Search code examples
stringperlfrequency

Perl count frequency of keys in hash


I have extracted the first level of keys from multidimensional hash, which look like:

my @string = keys %hash;

print "@string\n";

Bacteroides fragilis (strain YCH46).Agrocybe aegerita (Black poplar mushroom) (Agaricus 
aegerita).Parabacteroides distasonis (strain ATCC 8503 / DSM 20701 / CIP 104284 / JCM 5825 / NCTC 
11152).Pelodictyon phaeoclathratiforme (strain DSM 5477 / BU-1).Clostridium kluyveri (strain NBRC 
12016).Torpedo marmorata (Marbled electric ray).Aethionema grandiflorum (Persian stone-cress).Conus 
consors (Singed cone).Saguinus labiatus (Red-chested mustached tamarin).Staphylococcus haemolyticus 
(strain JCSC1435).Aeromonas salmonicida (strain A449).Acinetobacter genomosp. 13.Staphylococcus 
aureus (strain USA300 / TCH1516).Loxosceles variegata (Recluse spider). and so on...

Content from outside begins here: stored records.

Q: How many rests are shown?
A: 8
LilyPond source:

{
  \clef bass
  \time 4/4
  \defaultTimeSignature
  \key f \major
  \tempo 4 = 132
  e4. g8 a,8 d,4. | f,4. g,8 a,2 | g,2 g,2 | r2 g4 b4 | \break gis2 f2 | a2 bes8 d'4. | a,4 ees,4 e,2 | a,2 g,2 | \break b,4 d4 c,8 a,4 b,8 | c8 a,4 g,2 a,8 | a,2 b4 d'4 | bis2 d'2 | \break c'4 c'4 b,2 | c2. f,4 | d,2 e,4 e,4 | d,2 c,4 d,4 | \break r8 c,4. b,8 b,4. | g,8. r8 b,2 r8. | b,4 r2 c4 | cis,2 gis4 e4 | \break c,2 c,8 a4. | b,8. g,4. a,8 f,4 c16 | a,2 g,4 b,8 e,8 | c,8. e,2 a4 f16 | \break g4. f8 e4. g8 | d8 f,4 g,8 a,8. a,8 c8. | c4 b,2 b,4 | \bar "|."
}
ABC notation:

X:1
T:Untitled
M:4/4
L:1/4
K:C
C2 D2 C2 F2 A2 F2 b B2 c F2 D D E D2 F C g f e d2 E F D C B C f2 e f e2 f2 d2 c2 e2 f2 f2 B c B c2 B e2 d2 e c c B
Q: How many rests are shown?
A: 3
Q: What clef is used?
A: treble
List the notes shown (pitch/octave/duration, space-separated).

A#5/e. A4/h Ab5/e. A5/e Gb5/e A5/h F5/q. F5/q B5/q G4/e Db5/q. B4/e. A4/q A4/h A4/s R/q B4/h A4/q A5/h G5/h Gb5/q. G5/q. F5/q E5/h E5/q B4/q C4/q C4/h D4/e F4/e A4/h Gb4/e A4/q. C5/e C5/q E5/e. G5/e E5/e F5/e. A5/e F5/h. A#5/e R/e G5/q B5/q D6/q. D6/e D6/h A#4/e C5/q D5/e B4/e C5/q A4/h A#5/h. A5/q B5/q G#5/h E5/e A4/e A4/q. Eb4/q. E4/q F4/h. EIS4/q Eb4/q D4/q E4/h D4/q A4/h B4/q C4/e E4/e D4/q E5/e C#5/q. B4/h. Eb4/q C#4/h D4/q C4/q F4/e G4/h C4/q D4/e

I am trying to count how many times a same organism is repeated (I know for sure that some of there are repeated many times).

I have tried this code:

my %count;

foreach my $os (@string)  
{ 
$count{$os}++; 
} 


foreach my $os (sort keys %count)  
{ 
print $os, " ", $count{$os}, "\n";
} 

But I obtain the output like all of the organisms where just appearing once, although I know that is not the case.

Strangely, when I tried to define a test string manually with some organisms repeated, the code worked.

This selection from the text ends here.